Pagination and Cursor Implementation
Pagination is essential to ensure efficient delivery of feed items to users, especially when the dataset is extensive. By using a cursor-based pagination approach, we can fetch feed items incrementally without overloading the system or the client.
Cursor-based Pagination:
- How it works:
- Each feed item is assigned a unique sequential identifier, such as a timestamp or a numeric ID.
- When fetching feed items, the client includes a cursor in the request. This cursor indicates the position of the last feed item retrieved.
- The server uses this cursor to fetch the next set of items, ensuring that results are consistent and non-overlapping.
- Advantages:
- Efficient for dynamic datasets where feed items are frequently added or updated.
- Avoids issues with data shifting that can occur with offset-based pagination.

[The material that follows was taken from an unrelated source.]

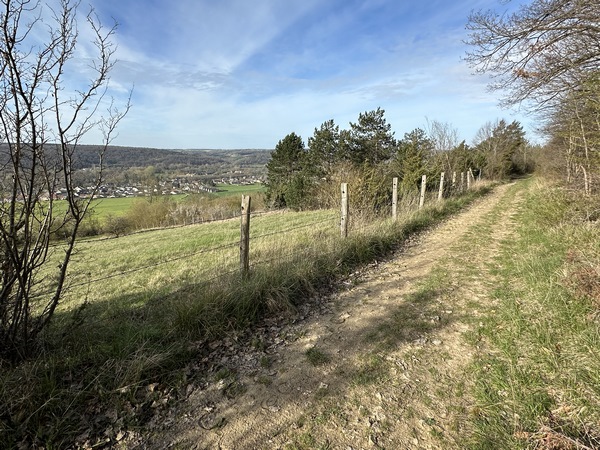 Le circuit suit ce chemin qui avance en balcon au-dessus de la vallée de l'Eure, avec là aussi plusieurs beaux points de vue.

- Reduces server-side processing, as only the relevant range of data is queried.
API Example:
GET /getFeed
Headers: { Authorization: Bearer <token> }
Params: {
cursor: <last_fetched_id>,
limit: <number_of_items>
}
Response:
{
"feedItems": [ ... ],
"nextCursor": <new_cursor>
}
Integration into System Design:
- Front-end: The client stores the cursor locally and includes it in subsequent requests for additional feed items.
- Back-end:
- The cursor is processed to determine the starting point for the next query.
- The server ensures that each response includes a new cursor for further pagination.
- Performance: Cursor-based pagination minimizes redundant queries and ensures consistent results, even with frequent updates to the dataset.
Caching with Pagination:
- Frequently accessed feeds can be cached with pagination metadata.
- Subsequent requests with the same cursor can be served from the cache, reducing load on the database.
By implementing cursor-based pagination, the system can efficiently manage large datasets while ensuring a smooth user experience.